A Soft 3D-Printed Robotic Hand Actuated by Coiled SMA

Round 1

Reviewer 1 Report

In this paper, a 3D-printed soft robotic hand actuated by coiled shape memory alloy is proposed. Compared with the traditional robotic hand, this hand has several advantages; low-cost, simple assembly, ease of manufacturing, and lightweight. The experiments show that this hand can grasp several daily objects, and thus it seems to be useful. However, this paper has several unclear and insufficient points as follows.

1. From Table 2, the initial length of each muscle differs. That is, the individual difference exists and affects the muscle performance investigated in section 4.1. The reviewer recommends that the authors discuss and evaluate this point in section 4.1.

2. In section 4.2 and section 4.3, it is unclear why the test currents were not unified. That is, the currents were set to 0.4, 0.5, and 0.7A in section 4.2, while those were set to 0.4, 0.5, and 0.7A in section 4.3.
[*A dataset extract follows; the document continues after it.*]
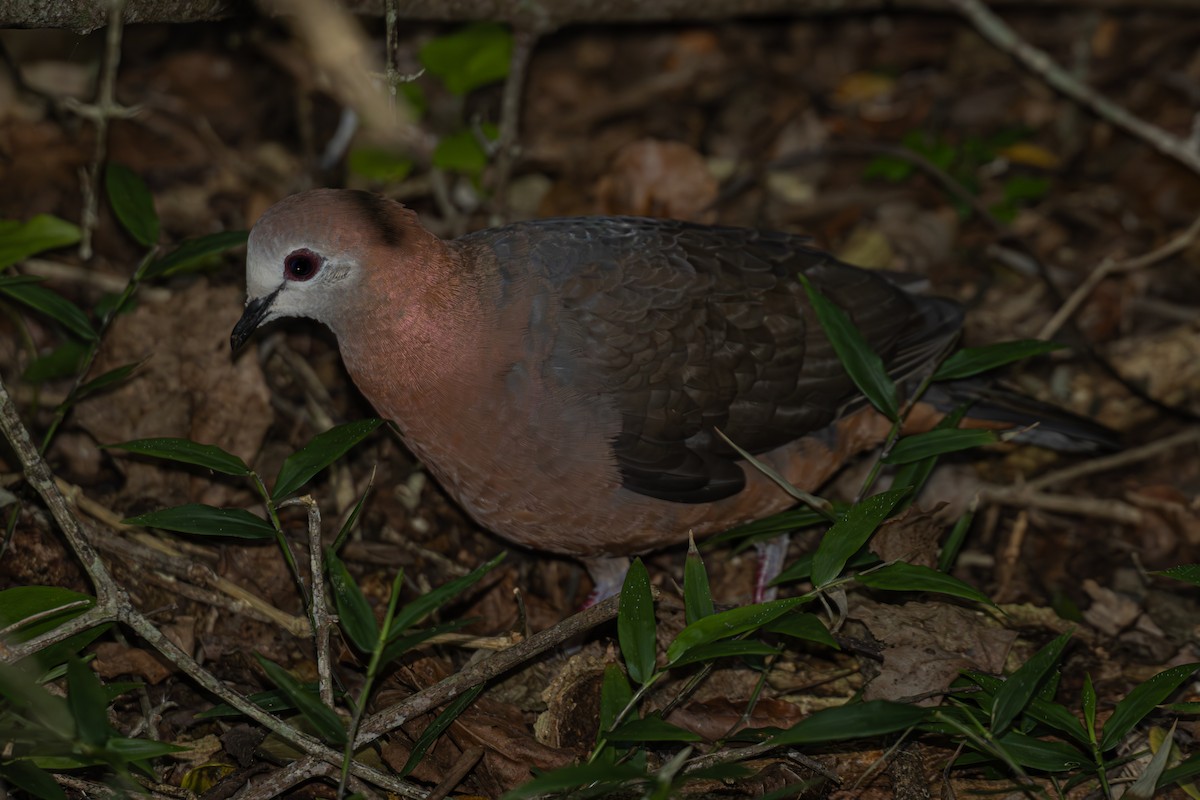 Lemon Dove - Antonio Rodriguez-Sinovas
3. In section 4.4, why did not the problem of the index and little fingers described in section 4.3 happen? The authors should add a description of this point.

4. Although the causes why the index and little fingers are difficult to bend were discussed in section 4.6, those should be discussed in section 4.3 at first.

Those followings are minor comments.

5. Please edit Figures 4, 5, 6, 7, 10, 11, 12, and 13. In those figures, the places of captions ((a), (b), etc.) are strange. Furthermore, Figure 8 does not exist in this paper.

6. The section number of the conclusion does not exist.

7. In Figure 12, unifying the color bar will make it easy to compare each stress result.

Author Response

Reviewer 1

Comments and Suggestions for Authors

In this paper, a 3D-printed soft robotic hand actuated by coiled shape memory alloy is proposed. Compared with the traditional robotic hand, this hand has several advantages; low-cost, simple assembly, ease of manufacturing, and lightweight. The experiments show that this hand can grasp several daily objects, and thus it seems to be useful. However, this paper has several unclear and insufficient points as follows.

1. From Table 2, the initial length of each muscle differs. That is, the individual difference exists and affects the muscle performance investigated in section 4.1. The reviewer recommends that the authors discuss and evaluate this point in section 4.1.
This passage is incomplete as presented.